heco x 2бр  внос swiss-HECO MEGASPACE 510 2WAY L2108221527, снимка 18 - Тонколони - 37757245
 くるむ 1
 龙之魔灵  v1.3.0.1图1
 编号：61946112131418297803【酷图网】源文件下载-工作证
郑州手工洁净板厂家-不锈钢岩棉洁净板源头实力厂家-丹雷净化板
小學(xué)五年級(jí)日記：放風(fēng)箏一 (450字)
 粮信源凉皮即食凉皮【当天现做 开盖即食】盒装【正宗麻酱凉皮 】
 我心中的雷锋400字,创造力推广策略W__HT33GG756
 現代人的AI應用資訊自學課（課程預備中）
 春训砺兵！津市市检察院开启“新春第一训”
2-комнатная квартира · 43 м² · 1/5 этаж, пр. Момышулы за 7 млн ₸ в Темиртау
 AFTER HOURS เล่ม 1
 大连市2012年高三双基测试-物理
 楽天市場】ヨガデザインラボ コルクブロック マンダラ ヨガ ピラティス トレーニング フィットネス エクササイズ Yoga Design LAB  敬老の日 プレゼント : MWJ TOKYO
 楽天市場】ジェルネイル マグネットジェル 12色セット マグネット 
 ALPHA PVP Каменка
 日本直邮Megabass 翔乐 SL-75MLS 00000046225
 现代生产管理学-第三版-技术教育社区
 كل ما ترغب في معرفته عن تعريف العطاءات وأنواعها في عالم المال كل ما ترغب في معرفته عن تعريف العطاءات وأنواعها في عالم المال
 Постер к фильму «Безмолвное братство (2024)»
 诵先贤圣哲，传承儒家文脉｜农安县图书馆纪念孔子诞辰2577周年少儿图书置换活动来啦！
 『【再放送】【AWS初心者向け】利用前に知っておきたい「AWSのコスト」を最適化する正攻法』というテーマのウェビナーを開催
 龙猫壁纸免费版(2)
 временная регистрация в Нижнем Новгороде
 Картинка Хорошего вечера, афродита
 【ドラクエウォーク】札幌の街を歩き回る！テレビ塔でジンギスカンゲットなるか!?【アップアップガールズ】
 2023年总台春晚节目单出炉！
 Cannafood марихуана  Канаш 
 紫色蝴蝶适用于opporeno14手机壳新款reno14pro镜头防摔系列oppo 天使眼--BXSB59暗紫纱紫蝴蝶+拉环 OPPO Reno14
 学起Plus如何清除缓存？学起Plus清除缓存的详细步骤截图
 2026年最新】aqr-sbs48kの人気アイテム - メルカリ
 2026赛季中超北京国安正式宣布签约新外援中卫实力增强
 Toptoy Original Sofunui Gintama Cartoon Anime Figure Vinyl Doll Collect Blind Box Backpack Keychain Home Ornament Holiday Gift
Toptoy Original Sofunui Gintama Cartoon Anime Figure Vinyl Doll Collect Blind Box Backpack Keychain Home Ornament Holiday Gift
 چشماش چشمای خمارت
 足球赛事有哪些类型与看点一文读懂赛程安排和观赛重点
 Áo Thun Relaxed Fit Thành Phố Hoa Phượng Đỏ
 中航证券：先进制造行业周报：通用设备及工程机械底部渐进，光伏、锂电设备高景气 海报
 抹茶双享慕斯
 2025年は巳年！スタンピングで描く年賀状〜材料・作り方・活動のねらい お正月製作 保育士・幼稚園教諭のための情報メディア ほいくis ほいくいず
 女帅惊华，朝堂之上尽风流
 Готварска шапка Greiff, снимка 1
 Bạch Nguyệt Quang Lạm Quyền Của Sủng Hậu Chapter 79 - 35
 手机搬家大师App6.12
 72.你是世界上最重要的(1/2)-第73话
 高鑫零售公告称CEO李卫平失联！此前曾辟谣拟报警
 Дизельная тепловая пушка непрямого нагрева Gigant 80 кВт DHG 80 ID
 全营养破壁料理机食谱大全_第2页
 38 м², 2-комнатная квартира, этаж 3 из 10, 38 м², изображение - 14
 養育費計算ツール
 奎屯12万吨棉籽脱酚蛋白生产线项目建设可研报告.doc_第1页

......

Everything from the line containing "Áo Thun Relaxed Fit Thành Phố Hoa Phượng Đỏ" through the final line of the records is what you should print, exactly and with nothing added.

 Áo Thun Relaxed Fit Thành Phố Hoa Phượng Đỏ
 中航证券：先进制造行业周报：通用设备及工程机械底部渐进，光伏、锂电设备高景气 海报
 抹茶双享慕斯
 2025年は巳年！スタンピングで描く年賀状〜材料・作り方・活動のねらい お正月製作 保育士・幼稚園教諭のための情報メディア ほいくis ほいくいず
 女帅惊华，朝堂之上尽风流
 Готварска шапка Greiff, снимка 1
 Bạch Nguyệt Quang Lạm Quyền Của Sủng Hậu Chapter 79 - 35
 手机搬家大师App6.12
 72.你是世界上最重要的(1/2)-第73话
 高鑫零售公告称CEO李卫平失联！此前曾辟谣拟报警
 Дизельная тепловая пушка непрямого нагрева Gigant 80 кВт DHG 80 ID
 全营养破壁料理机食谱大全_第2页
 38 м², 2-комнатная квартира, этаж 3 из 10, 38 м², изображение - 14
 養育費計算ツール
 奎屯12万吨棉籽脱酚蛋白生产线项目建设可研报告.doc_第1页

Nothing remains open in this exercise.